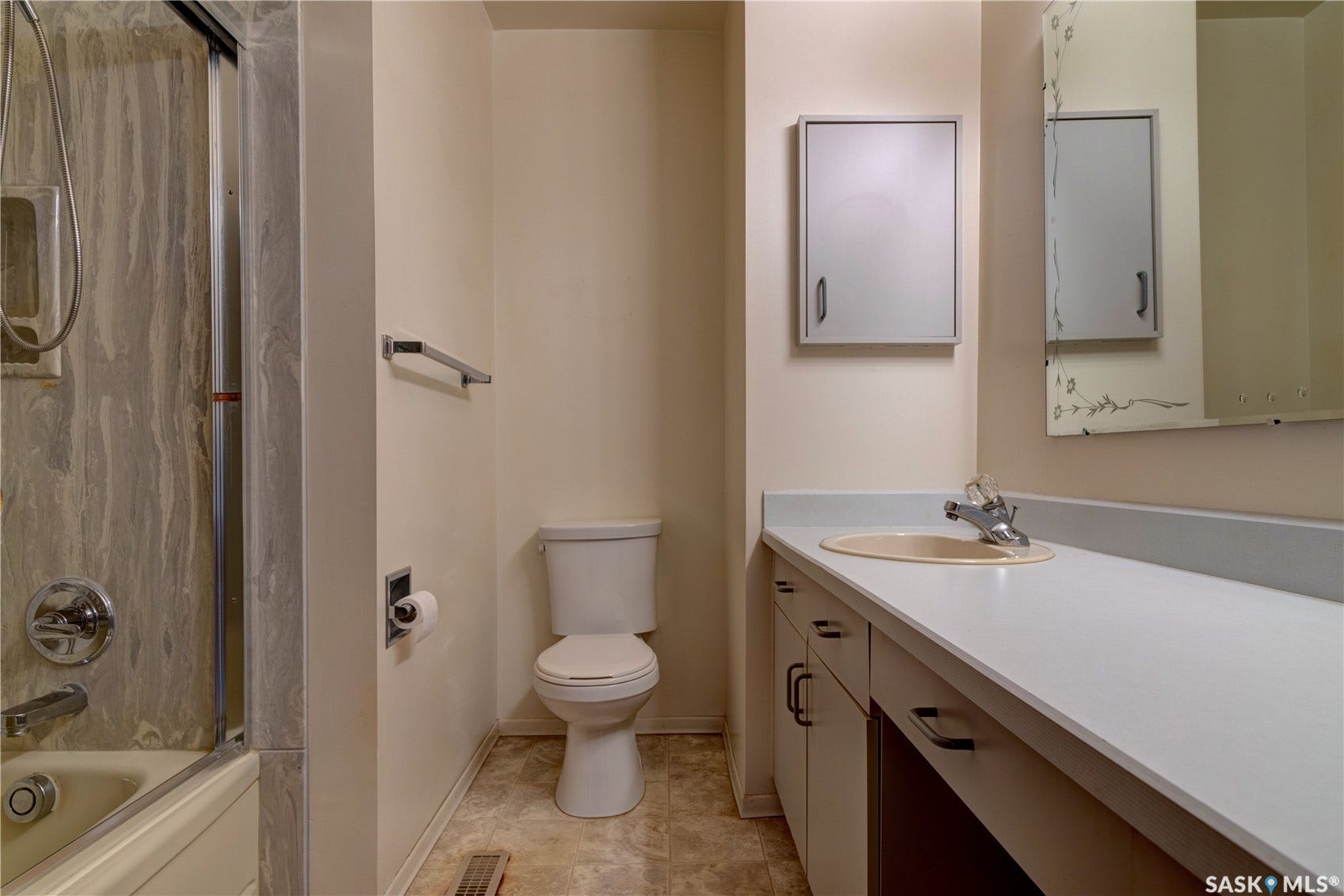Extended vanity with integrated sink, chrome faucet, and under-counter cabinetry
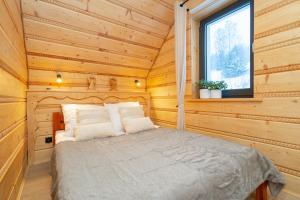 a bed in a log cabin with a window at Luisówka - majestatyczny domek z jacuzzi in Stronie Śląskie
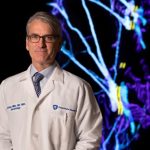Jeffrey Miller stands in his white doctor's coat with a digital dermatology display behind him.
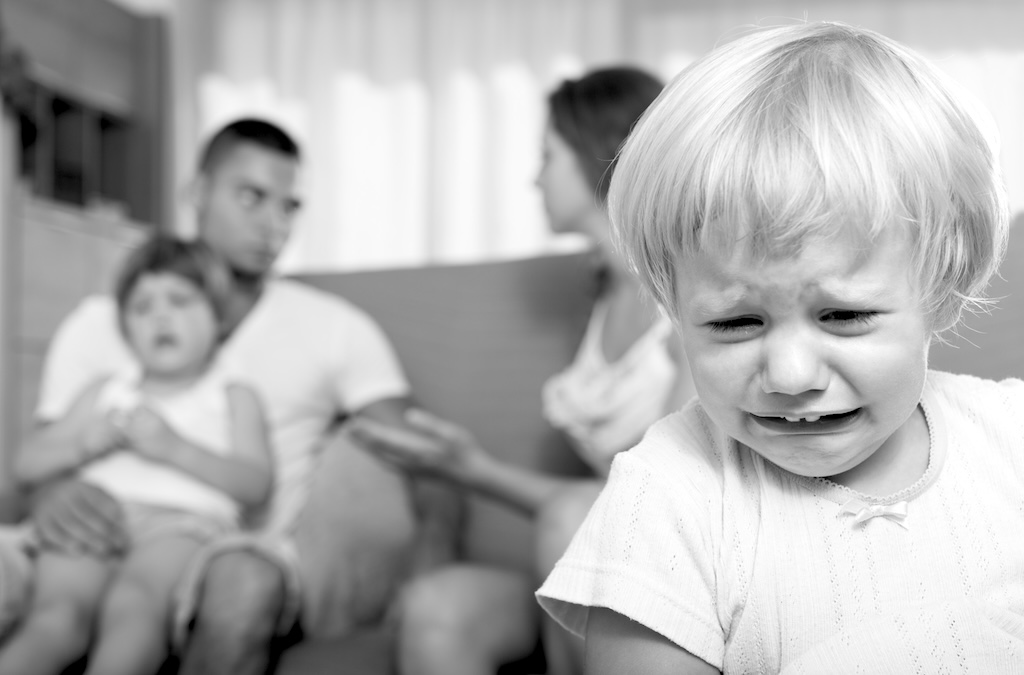 Young married couple with two little daughters having quarrel at home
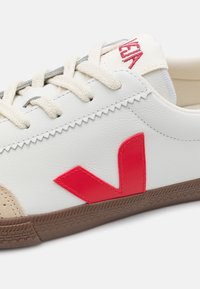 Zapatilla blanca con un logo 'V' de goma roja. Presenta un detalle de ante beige, cordones beige y una suela de goma marrón texturizada. Acabado de cuero suave.
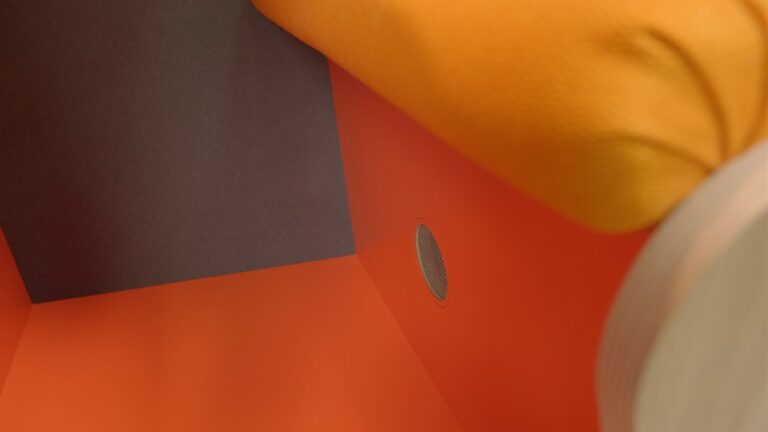 Orange laminate floor of a loop solo office pod with the ventallation showing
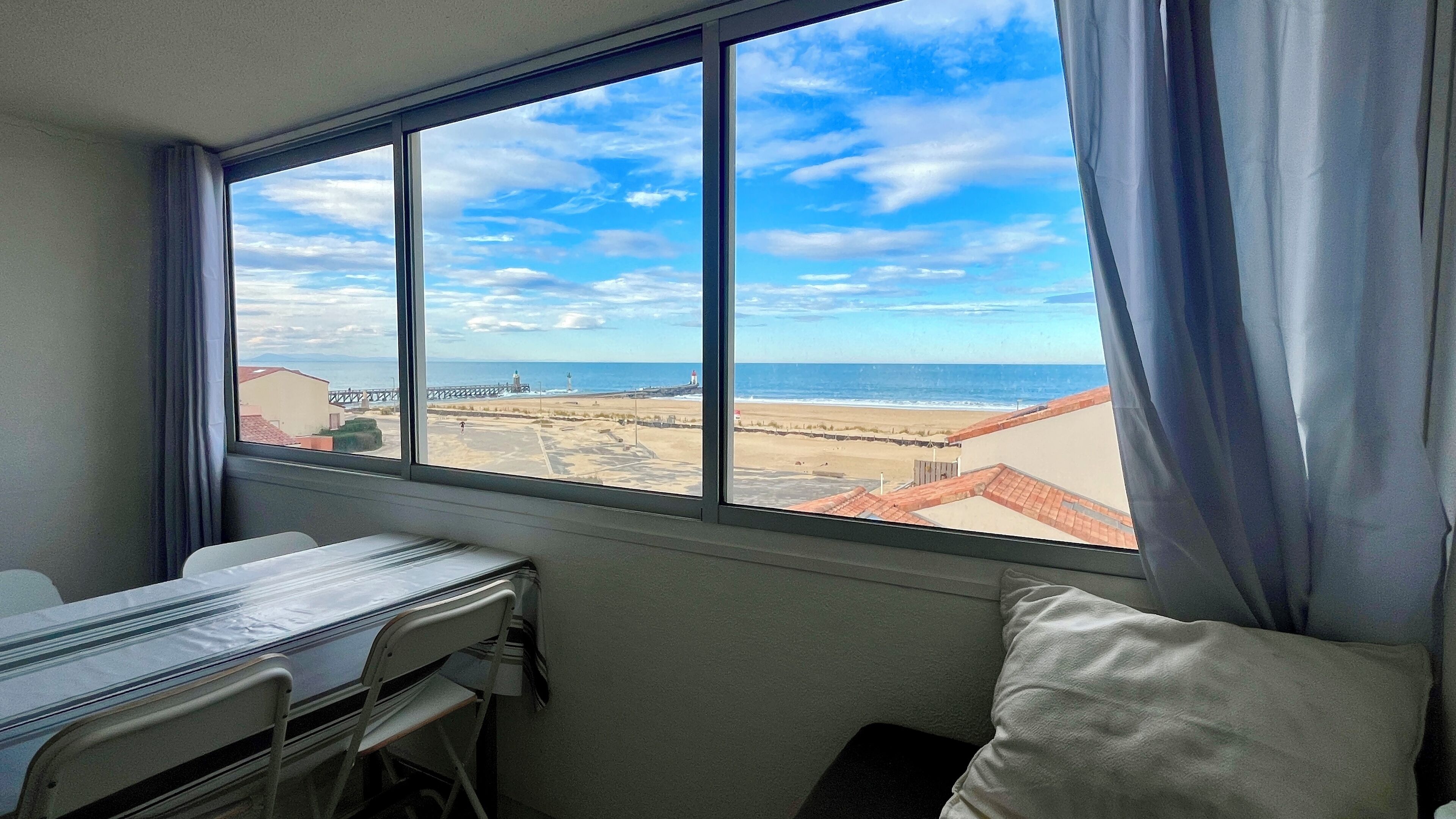 Une chambre dotée d’une grande fenêtre donnant sur la plage et une jetée. On y trouve un lit avec un oreiller blanc et une petite table avec une chaise.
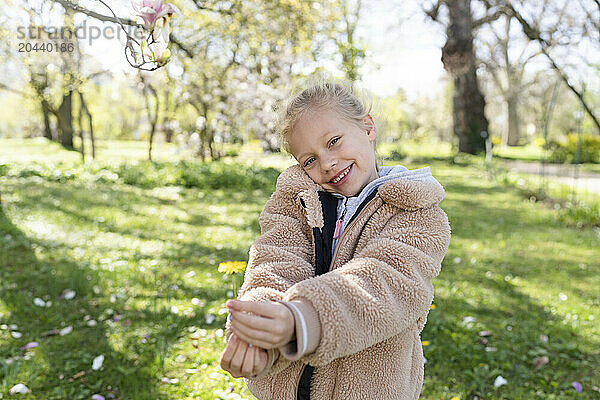 Cheerful girl holding spring flower at park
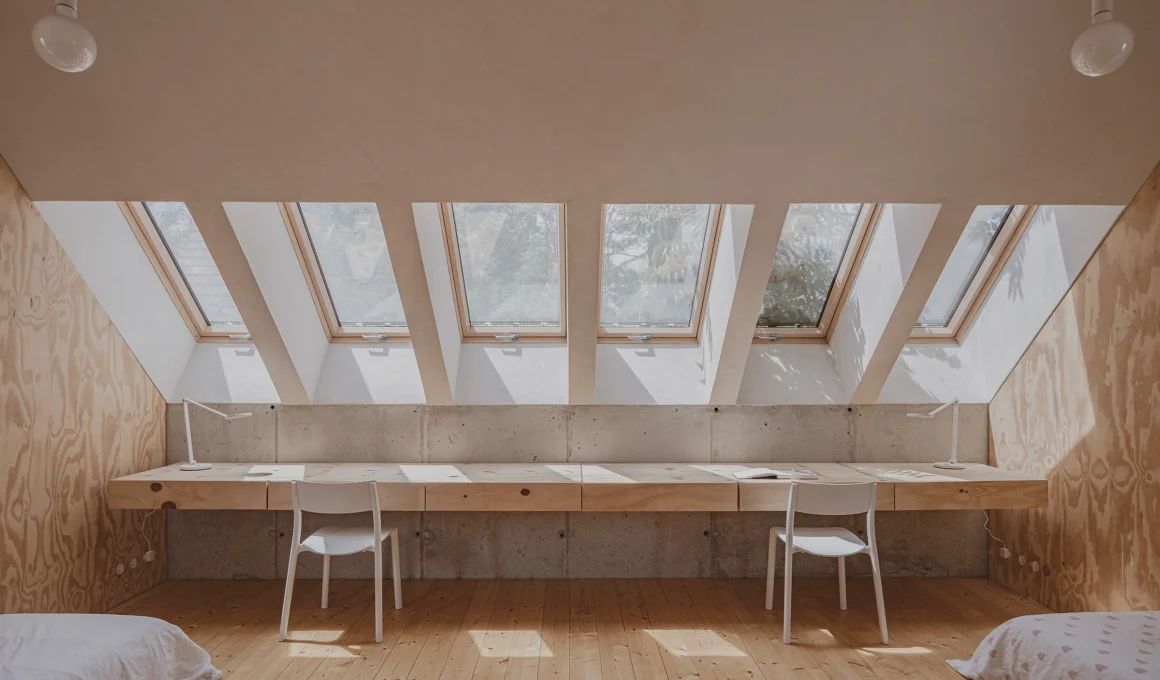 Sustainable hempcrete house kids room with skylights, custom pine desk, natural light, Szentendre Projectroom.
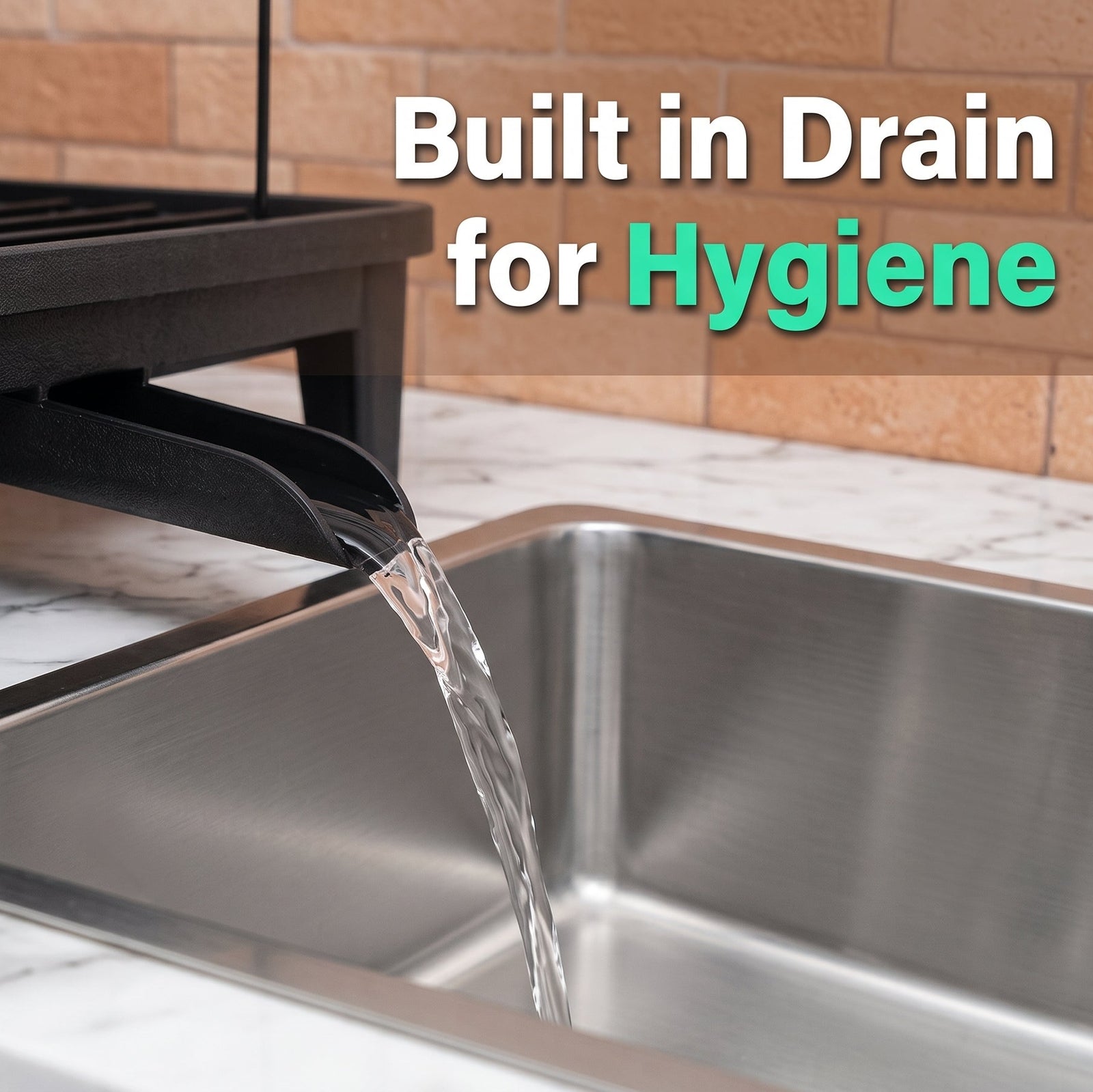 A close-up of a kitchen sink with water flowing from a black built-in drain spout into the sink. A dark dish rack sits above, and the background shows a tan tile wall and white marble countertop.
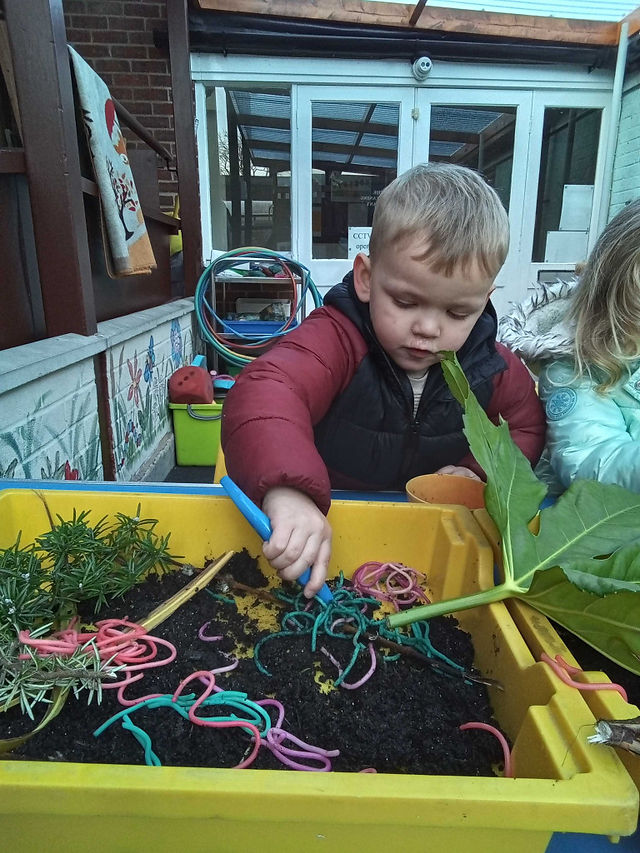 blonde haired little boy in a red jacket is using tweezers to explore coloured pasta in a sensory train, outdoor setting at nursery in Totton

+++++

**Work instruction**
Every entry above is to be copied verbatim, with the pictures removed.

**Response to the task**
Extended vanity with integrated sink, chrome faucet, and under-counter cabinetry
 a bed in a log cabin with a window at Luisówka - majestatyczny domek z jacuzzi in Stronie Śląskie
Jeffrey Miller stands in his white doctor's coat with a digital dermatology display behind him.
 Young married couple with two little daughters having quarrel at home
 Zapatilla blanca con un logo 'V' de goma roja. Presenta un detalle de ante beige, cordones beige y una suela de goma marrón texturizada. Acabado de cuero suave.
 Orange laminate floor of a loop solo office pod with the ventallation showing
 Une chambre dotée d’une grande fenêtre donnant sur la plage et une jetée. On y trouve un lit avec un oreiller blanc et une petite table avec une chaise.
 Cheerful girl holding spring flower at park
 Sustainable hempcrete house kids room with skylights, custom pine desk, natural light, Szentendre Projectroom.
 A close-up of a kitchen sink with water flowing from a black built-in drain spout into the sink. A dark dish rack sits above, and the background shows a tan tile wall and white marble countertop.
 blonde haired little boy in a red jacket is using tweezers to explore coloured pasta in a sensory train, outdoor setting at nursery in Totton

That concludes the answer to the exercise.